Frame weight and anti-fatigue co-optimization of a mining dump truck based on Kriging approximation model

Abstract

Abstract In order to reduce frame redundant weight caused by the traditional experience design and delay the crack initiation occurrences at local positions during early service period, a structural weight and lifetime co-optimization method for frame of a mining dump truck based on Kriging approximation model was proposed. Considered as the most sensitive factor to the frame fatigue life and weight, the thickness of several steel plates was chosen as design variables in terms of un-allowed change of structure shape, while achieving weight reduction and improving fatigue life were together regarded as the optimization targets.
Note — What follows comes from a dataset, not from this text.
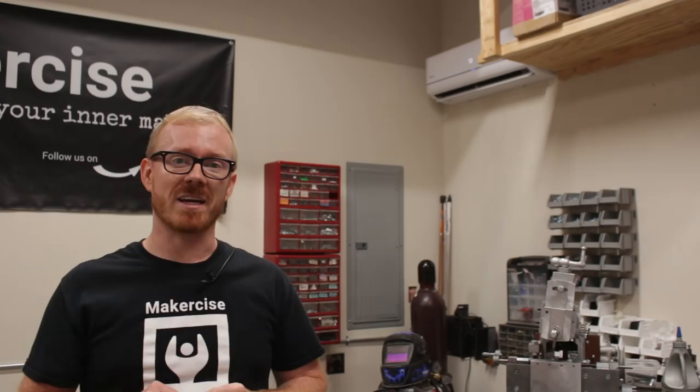Before you undertake a project like this, check out the article on my website — it has a lot of details I couldn't fit into this video, and there's a link in the description. I hope this project inspires you to exercise your inner maker. Thanks for watching.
An experiment design with 20 sample points obtained by the Latin hypercube sampling method was conducted to figure out the sensitivity of design variables, whose response values were acquired through repeated simulations. Those data were supposed to set up the approximation model constructed based on the Kriging interpolation technique and its fitting precision was certified by comparison of the finite element computational results and the approximation model calculated ones. The non-dominated sorting genetic algorithm II (NSGA-II) was utilized to optimize the thickness of the steel plates based on the approximation model. The tolerance between the results of the simulation and the approximation model was less than 1% when using the optimal design variables and the weight of the optimized frame was lessened by 22.3% while the minimum fatigue life and maximum static stress were only decreased by 3.8% and 4.6%, compared with the initial frame. These optimized results were acceptable for frame lightweight almost without expense of fatigue life and static strength.